At a press conference following the May 25 forecast by state economist Tom Potiowsky, Gov. Ted Kulongoski ordered state agencies to reduce their budgets by 9 percent. He said the financial crisis requires “swift and decisive action,” and stressed that he believes the cuts are best left up to him and his staff.
In that regard, Kulongoski pointedly said he would not call the Legislature into a special session, though he noted that body does have the ability to call itself into session.
The following day, members of the Senate Republican caucus called for an emergency special session. To do so requires a majority vote of state senators and state representatives.
Democratic leaders who control both the House and Senate indicated little interest in calling a special session, although they didn’t rule it out entirely.

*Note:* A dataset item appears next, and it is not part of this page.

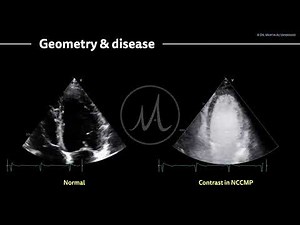 〖Echocardiography〗 Non-compaction & the left ventricle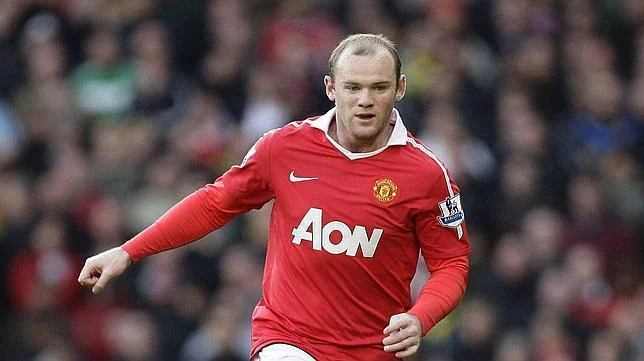 Wayney Rooney se somete a un trasplante de pelo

Kulongoski outlined several options for cutting back. To save approximately $30 million, he is asking the Public Employees Benefits Board (PEBB) to explore benefit changes to keep cost increases to 5 percent for the next plan year, as opposed to the nearly 10 percent increase that is currently projected. He announced that a pay freeze for executive and unrepresented state workers would be extended through June 2011, and he asked service Employees International Union (SEIU) Local 503 and the American Federation of State, County and Municipal Employees (AFSCME) to agree to the same extended pay freezes. In particular, both unions have clauses in their contracts that would see step increases “unfrozen” in September. Kulongoski now wants to re-open the contracts in an effort to gain concessions from the unions that would total approximately $19.9 million in General Fund savings.
“We are not interested in re-opening our contract,” said Ken Allen, executive director of Oregon AFSCME Council 75. “One, a contract is a contract. I know our members understand that, and I think the public does, too.
“Two, and moreover, it’s time for state management service to share the pain of the state’s economy. The state keeps talking to us about ‘shared sacrifices,’ but we’ve already sacrificed several times over.”
Leslie Frane, executive director of SEIU Local 503, said “nobody has more at stake in an equitable resolution to this fiscal dilemma than front-line state workers and the Oregonians we serve. We are both already feeling more than our fair share of the pain of recent cutbacks.”
The union officials reminded the governor that half the state workforce — the front-line workers who actually do the state’s work — earn less than $40,000 a year.
Allen suggested that any further cuts be focused on management staff that do not provide direct services to the public.
“We are highly unlikely to accept cuts that simply shift costs onto the shoulders of office assistants, social workers and forest rangers already struggling with the effect of the recession and unpaid furlough days,” Frane said.
Potiowsky predicts the state will collect $511 million less in revenue this fiscal biennium than he predicted two months ago. The revenue forecast is $900 million lower than the state’s original 2009-11 budget, which runs from July 1, 2009 to June 30, 2011.
“We could gamble and hope that the next forecast in September delivers a rebound and the hole is diminished, but the longer we wait, the deeper the cuts that will be needed to rebalance the budget in the remaining months of the biennium if that does not occur,” Kulongoski said.
The only “good news” by Potiowsky was his projection that income taxes and lottery proceeds are still at $16 billion for the 2011-13 budget cycle — in other words, that estimate hasn’t gotten any worse. But $16 billion is still $2.5 billion short of maintaining state services at the current level, Allen said. Closing that gap will be the top priority of the 2011 Oregon Legislature when it convenes in January.
(Editor’s Note: Don Loving, public affairs director for Oregon AFSCME, contributed to this report.)